Independent benchmarks can be a valuable help of choosing the best device. For example, in 2007, BDTI published an analysis of FPGAs in DSP applications. The BDTI tests looked at cost/performance in a typical multi-channel communications application. The results are clear-cut, with the FPGA delivering a cost-per-channel figure of better than 20x compared to the DSP. This does not mean that FPGAs are necessarily best for high-performance signal processing applications, but certainly demonstrates they can have clear performance advantages over DSPs in some circumstances.
Another important factor is the IP cores and software libraries geared at particular target applications, which are often provided by vendors. These can alleviate some of the reliance on in-house development of complex algorithms using the vendor tools and further reduce time-to-market.
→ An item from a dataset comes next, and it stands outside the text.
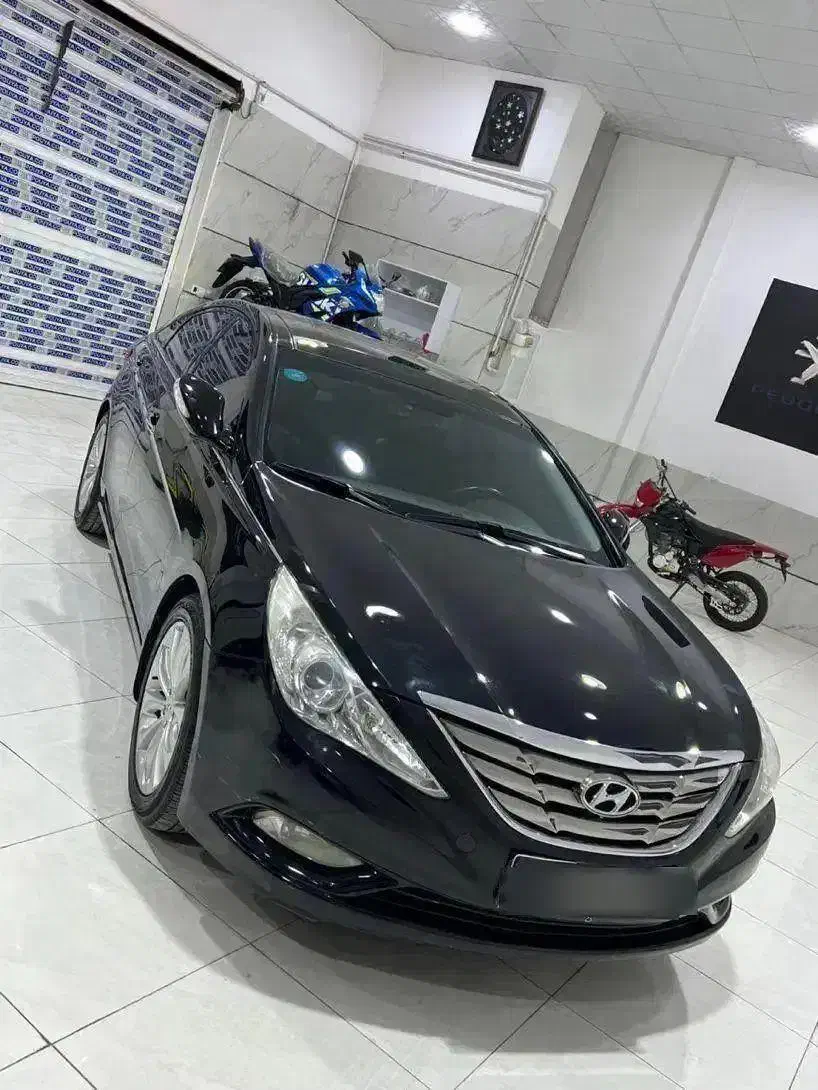 سوناتا yf|خودرو سواری و وانت|کرمان, |دیوار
The key advantages of the DSP are reduced development time for new and complex algorithms, and flexibility to run many different algorithms. For the FPGA, its number one benefit is efficiency gains from parallel processing. In many applications, such as image processing and wireless baseband processing, there is a mixture of these repetitive, simple processing tasks that are best suited to an FPGA and more complex and less predictable tasks that are perhaps better handled with a DSP. Additionally, as parallel processing blocks implemented in FPGAs become mainstream, they are increasingly likely to be integrated into the DSP vendors' silicon.
Overall, this means that a hybrid system containing DSPs and FPGAs can often provide the best solution for high-performance multi-processing applications, allowing each device to play to its strengths. The key to this particular debate is to look at FPGAs and DSPs as complementary technologies, rather than competition for each other.